▸ **About this exercise**
Exact copy, no pictures: return only the lines below from the line with "Fotbalisté Zbrojovky Brno" up to and including the line with "Volkswagen Golf VII".

▸ **Supplied material**
○ ○ ○ ○
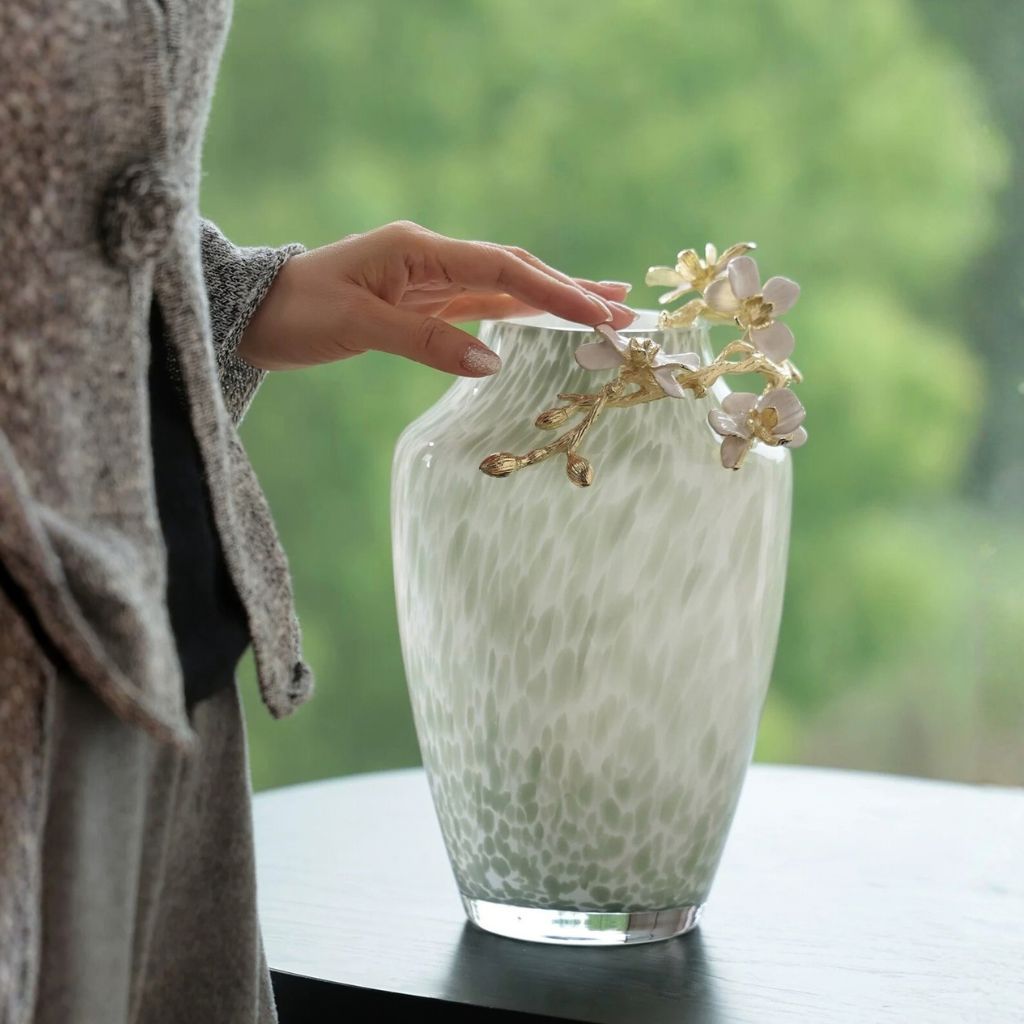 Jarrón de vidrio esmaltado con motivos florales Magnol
○ ○ ○ ○
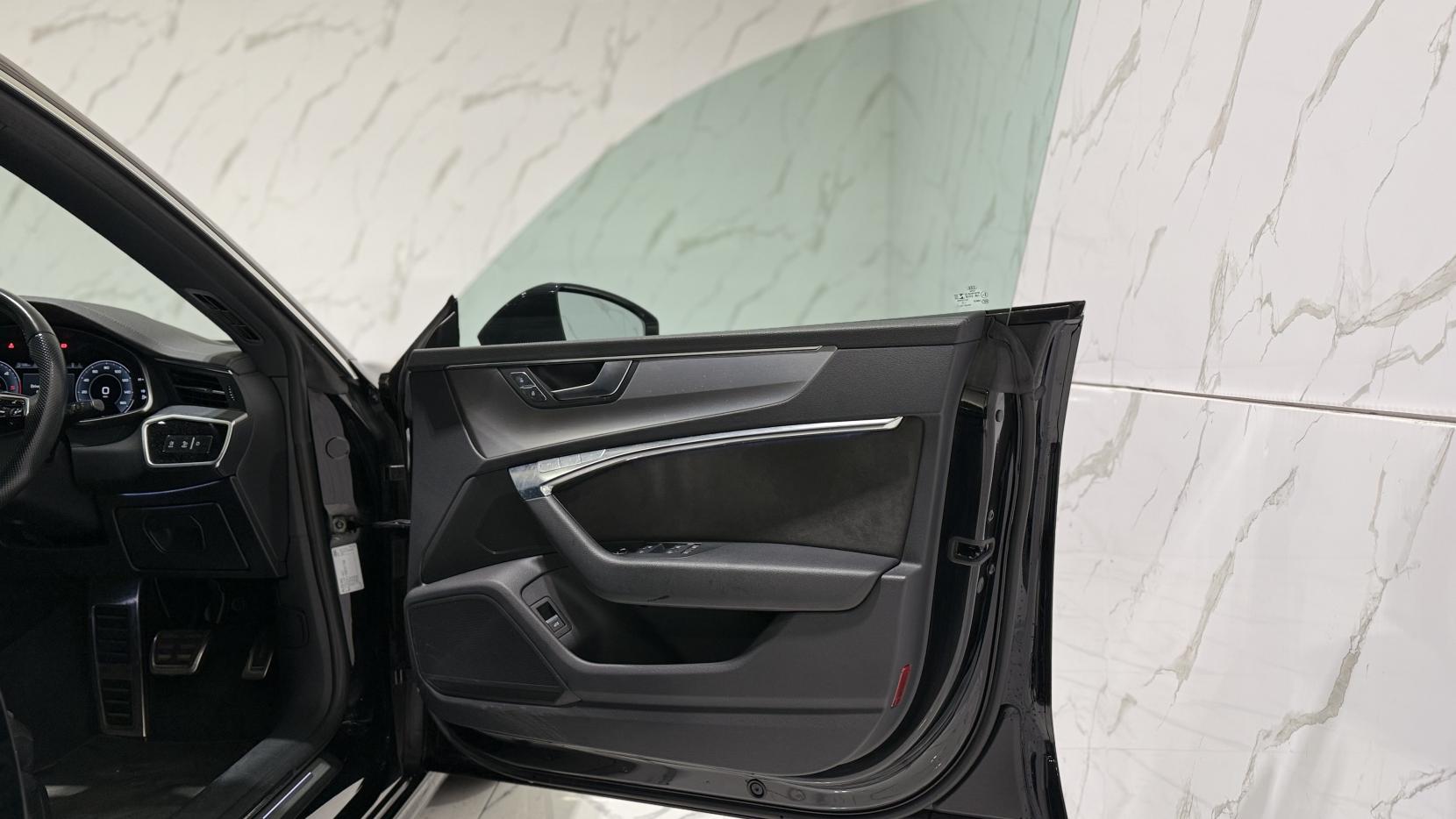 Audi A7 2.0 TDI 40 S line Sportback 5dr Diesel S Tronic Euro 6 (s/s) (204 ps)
○ ○ ○ ○
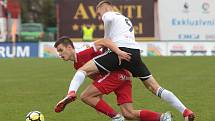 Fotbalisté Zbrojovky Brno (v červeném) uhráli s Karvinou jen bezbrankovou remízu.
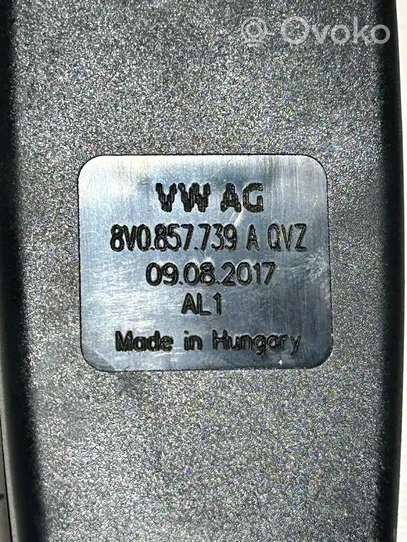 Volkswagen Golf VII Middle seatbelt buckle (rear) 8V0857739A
○ ○ ○ ○
▸ **Written solution**
 Fotbalisté Zbrojovky Brno (v červeném) uhráli s Karvinou jen bezbrankovou remízu.
 Volkswagen Golf VII Middle seatbelt buckle (rear) 8V0857739A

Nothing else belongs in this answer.